[Dataset extract]
_ _ _ _ _ _ _
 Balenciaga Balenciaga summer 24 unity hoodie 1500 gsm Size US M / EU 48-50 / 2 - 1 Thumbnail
_ _ _ _ _ _ _
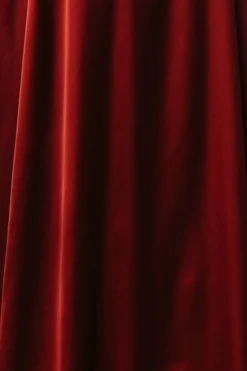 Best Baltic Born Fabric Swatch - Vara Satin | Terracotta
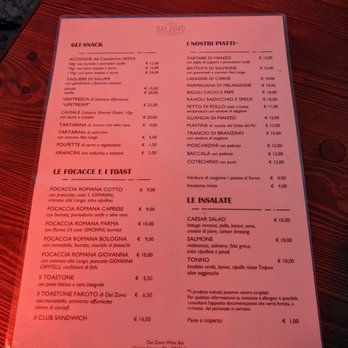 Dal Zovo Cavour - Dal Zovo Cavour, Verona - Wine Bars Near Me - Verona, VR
_ _ _ _ _ _ _
[Requirement] Using the material above, reproduce only the lines that run from the line with "Best Baltic Born" up to and including the line with "Dal Zovo Cavour - Dal", exactly, with the pictures dropped.

[Output of the task]
 Best Baltic Born Fabric Swatch - Vara Satin | Terracotta
 Dal Zovo Cavour - Dal Zovo Cavour, Verona - Wine Bars Near Me - Verona, VR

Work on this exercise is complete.